Certains auteurs ont émis l’hypothèse que cette espèce puisse être polygame, avec le mâle qui s’accouplerait avec plus d’une femelle, mais considérée la monogamie documentée et certifiée pour les autres espèces semblables de hoccos, cette affirmation est mise en doute. Il n’est pas facile de voir cet oiseau au sol. Quand ils se posent sur les branches des arbres ils chantent souvent et soulèvent les plumes de leur queue les ouvrant comme des éventails exposant ainsi les plumes blanches du dessous de la queue et devenant ainsi plus visibles aux yeux d’un éventuel observateur. Si on les dérange, ils émettent un sifflement en général plus fort, net et bref par rapport à leur habituel sifflement lent et plaintif.
Le nid est bâti sur les arbres ou au sol et construit avec un amas de brindilles et d’autres matériaux d’origine végétale. Deux gros œufs sont pondus par couvée, incubés pendant environ 30-32 jours par la femelle. Les poussins à la naissance sont nidifuges et déjà capables d’accomplir de petits vols puisqu’ils possèdent déjà des rémiges. Ils peuvent donc se percher dès leurs premiers jours sur des branches en hauteur. Leur duvet cryptique est strié et tacheté de brun-marron-noir-jaunâtre. Les parents donnent la nourriture aux petits directement de leurs becs aux leurs ; les nouveau-nés sont, dès leur premiers jours, en mesure de rechercher activement à manger. Les premières plumes des jeunes sont brunes. Les juvéniles, mesurant ¼ de la taille des adultes, présentent déjà la livrée qui permet de distinguer les mâles des femelles et ont la crête déjà bien développée. Ils semblent des adultes en miniature. Le plumage des juvéniles est moucheté et bordé de marron. En captivité, cette espèce est surtout présente dans ses lieux d’origine et a toujours été plutôt rare dans les zoos et les élevages européens ou américains.

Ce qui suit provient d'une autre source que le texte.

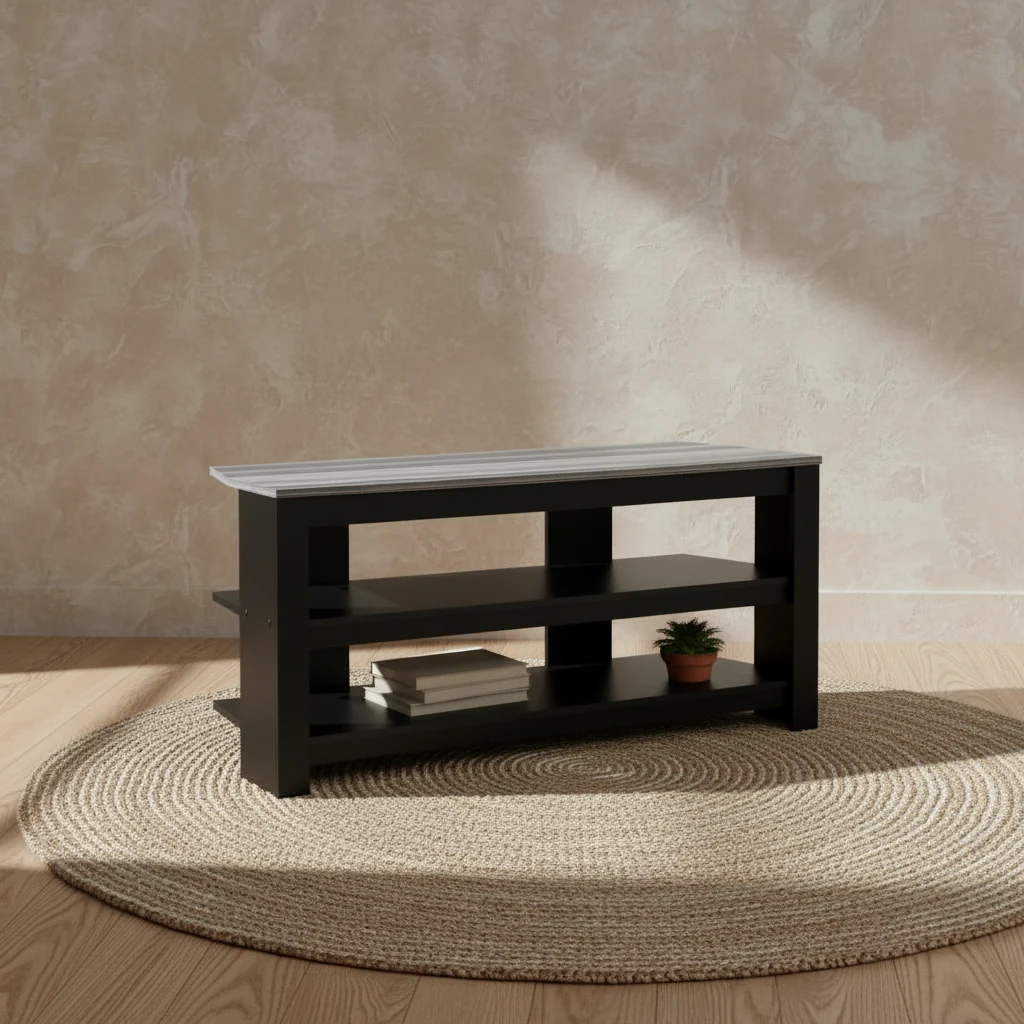 42 Modern TV Stand with Storage and Cable Management for TVs up to 45- Black and Grey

Quand il est élevé en dehors de son climat tropical d’origine, le Hocco de Daubenton, se montre très sensible au froid par rapport à d’autres espèces similaires. Cette espèce était commune dans les Llanos et dans d’autres aires mais elle a subit un important déclin dû à la conversion de nombreux territoires en rizières. L’espèce est protégée dans quelques fermes d’élevage et dans quelques aires naturelles.